My folks were here one day and the bird started her BEEEP... BEEEP routine. Pa came into the bird's room, where I was doing school work, and asked if I knew which alarm was going off. I pointed to Masika. Right then, she cut loose with another BEEEP. Pa rolled his eyes and went back to the living room to watch TV.

Fortunately, she doesn't do that too often these days.


-How did you get started as an author?
I don't remember, actually. My mother has a pile of short stories I wrote when I was in school, but I don't have clear memories for anything that happened before I was 12. Really, I don't think I was there. (There is a reason, but it's not very interesting, so I'll avoid boring you with the details).

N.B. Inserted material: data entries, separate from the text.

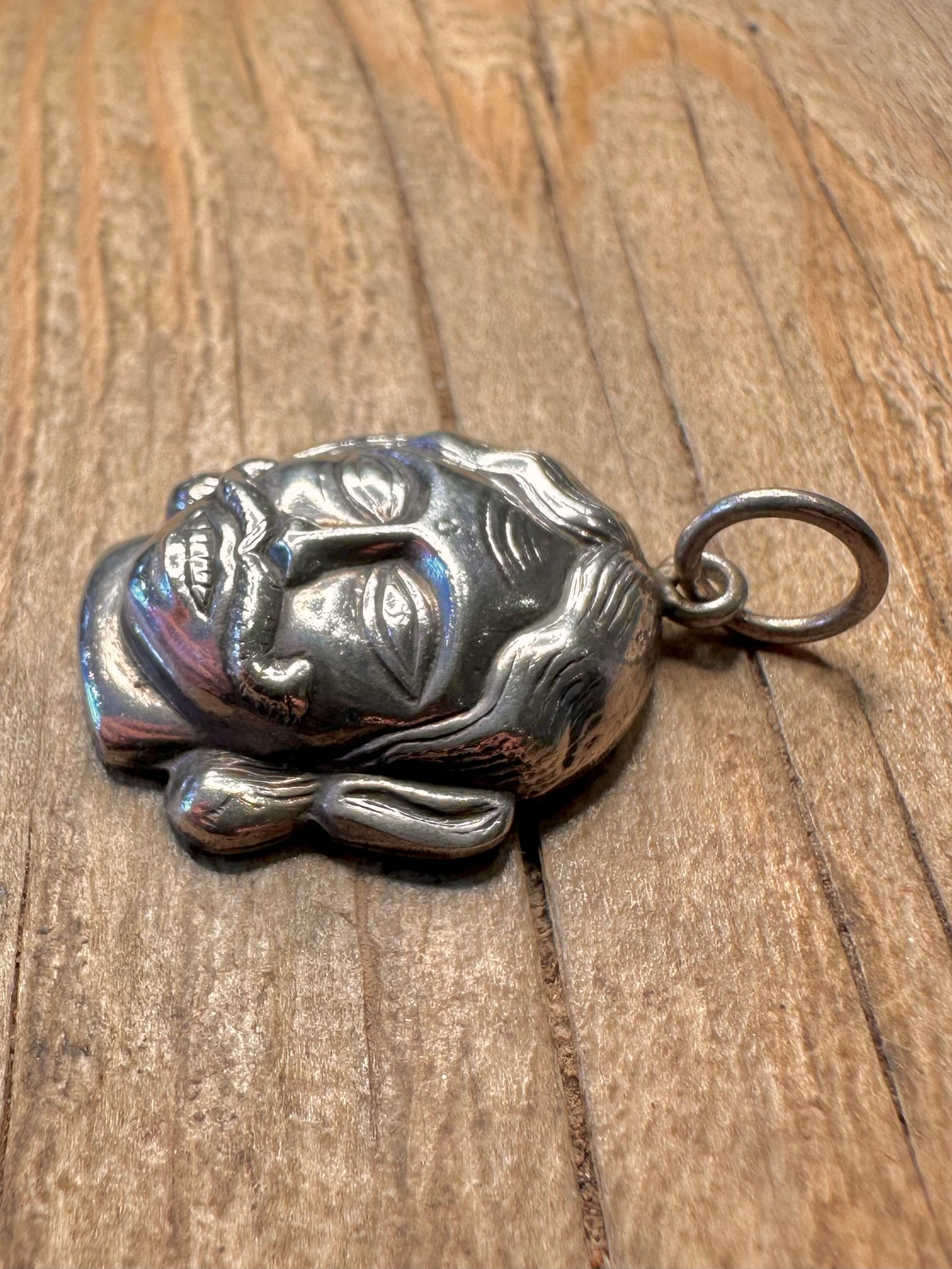 Vintage Unique Head 925 Sterling Silver Pendant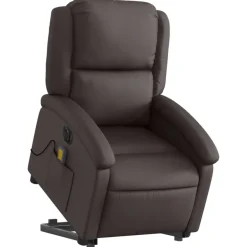 vidaXL Massagesessel mit Aufstehhilfe Elektrisch Dunkelbraun Echtleder
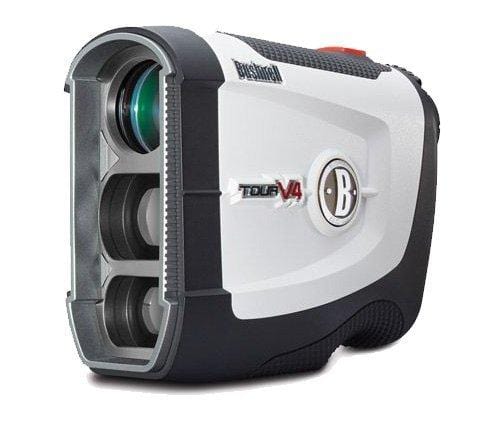 Bushnell Tour V4 (Standard) Golf Rangefinder Patriot Pack Bundle - with Carrying Case, Blue Protective Skin, PlayBetter Microfiber Towel and Two (2) CR2 Batteries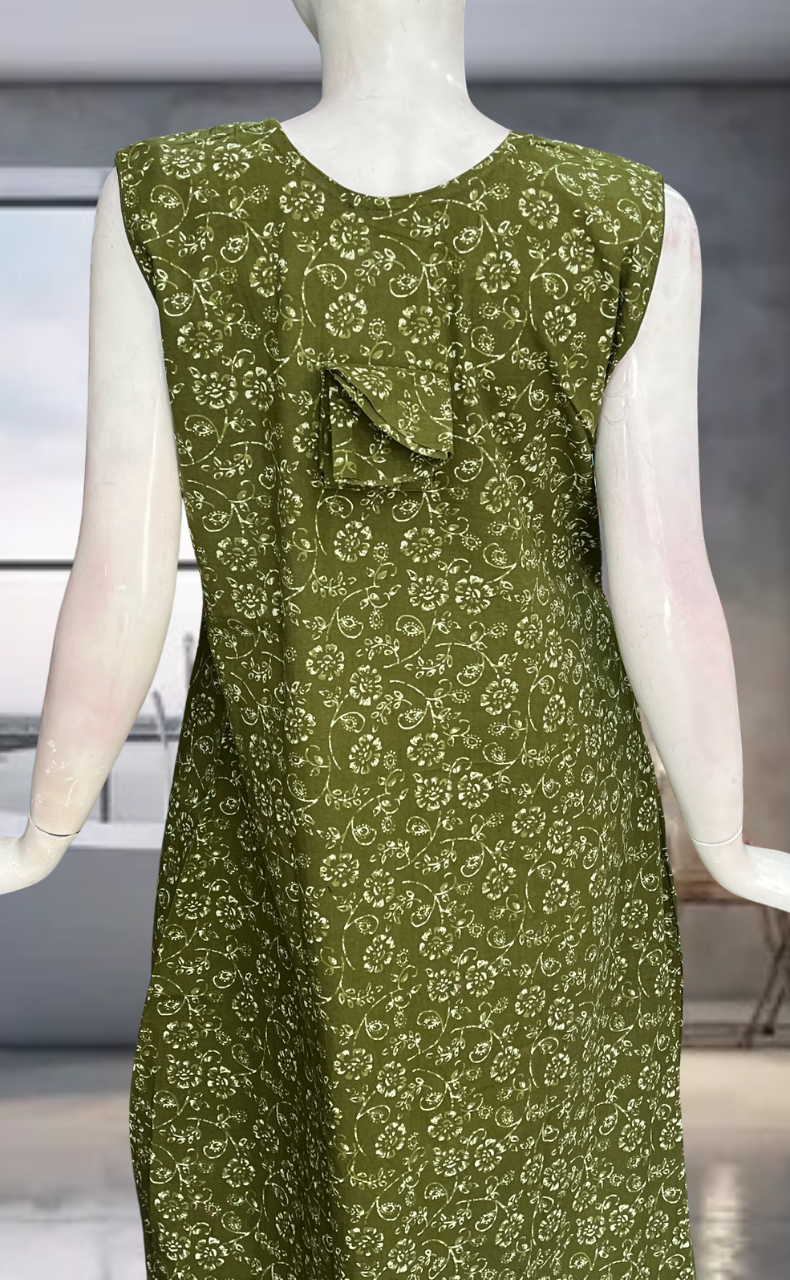 Green Garden Pure Cotton Sleeveless Nighty. Pure Durable Cotton | Laces and Frills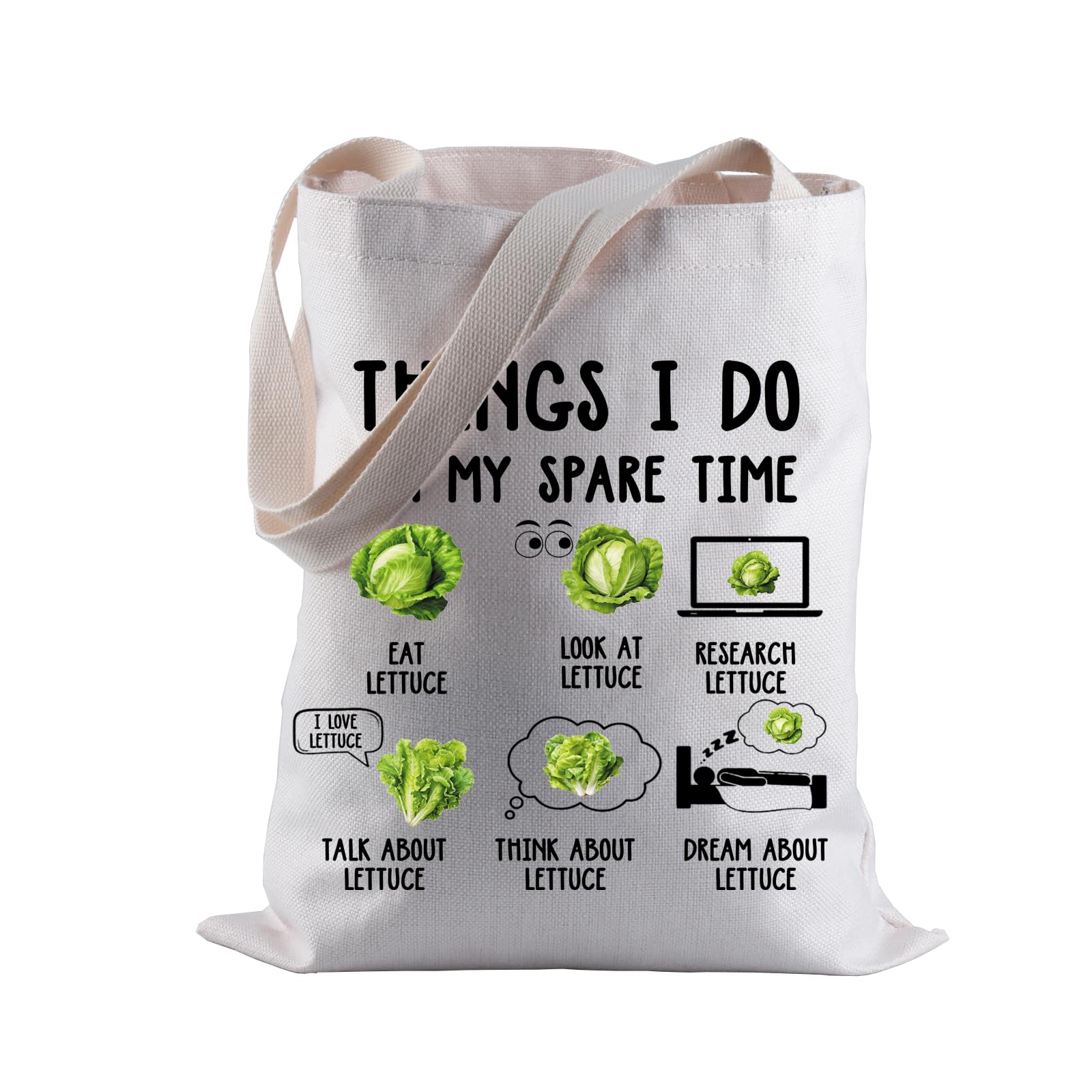 Funny Lettuce Tote Bag Lettuces Lover Gift Things I Do In My Spare Time Shopping Bag for Lettuces Farmer (Lettuce)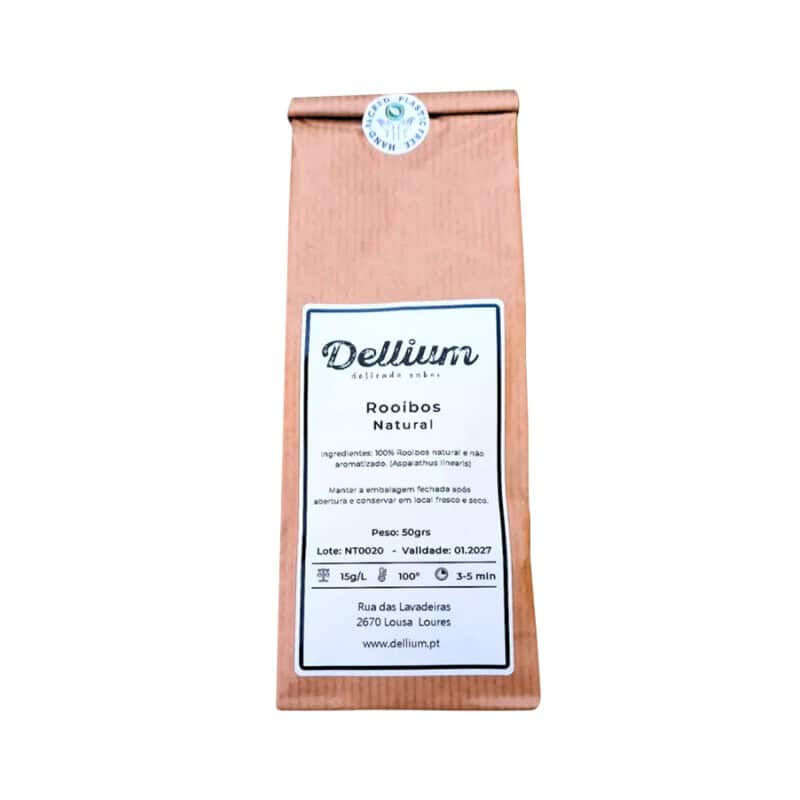 "Embalagem do Chá Rooibos Premium 50g da Dellium, infusão suave e naturalmente livre de cafeína.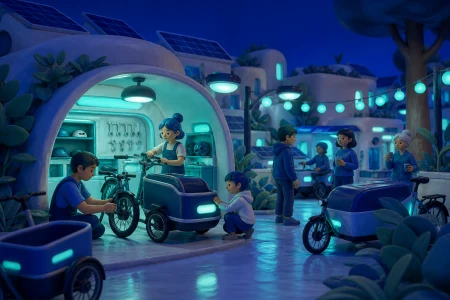 Bike mechanics maintaining a neighborhood cargo-cycle library, as practical climate design becomes part of a local celebration. Human-scale street scene where technology feels ordi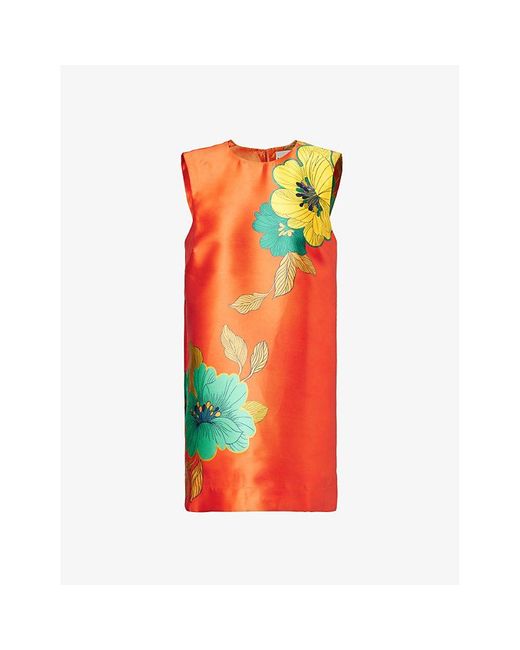ALÉMAIS Orange Piato Floral-print Recycled-polyester-blend Mini Dress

When I was a teenager, I wrote (really bad) fanfic based on the comic books my friends and I read. Toward the end of high school, I decided to try my hand and writing up my own brilliant ideas. The first few were some of the better fanfic tales reworked to remove the references to the comics. Eventually, though, I started doing original ideas. The first of those was a set of short stories inspired by a GURPS Space RPG some pals and I played through. Those stories -- after many, many mutations -- became my first published novel, Remnant in the Stars.


-What are your musical tastes? Do you write to music?
I listen to a variety of different musical groups, but it really is group-specific, rather than by genre. I listen to Kansas, Yes, Thousand Foot Krutch, Pillar, Red, Mozart, Ravel, Mussorgsky, Apologetix, Weird Al, and a few others.

Most of my music-listening is in the car or when I'm doing something around the house that would benefit from a little extra noise but no specific focus. I require no noise when I write. Well, you never have complete quiet when you have a parrot, but as close as I can get will do.

-Name your Top 5 Favorite Movies.
OOOoooo... There are so many!
Let's see. In no particular order...
1. Star Wars (all 6 of them ... Yes, including the more recent trilogy, which I like better than the original trilogy).
2. X-Men: First Class
3. The Princess Bride
4. Ladyhawke
5. Agatha Christie: Poirot (with David Suchet, pretty much all the ones I've seen).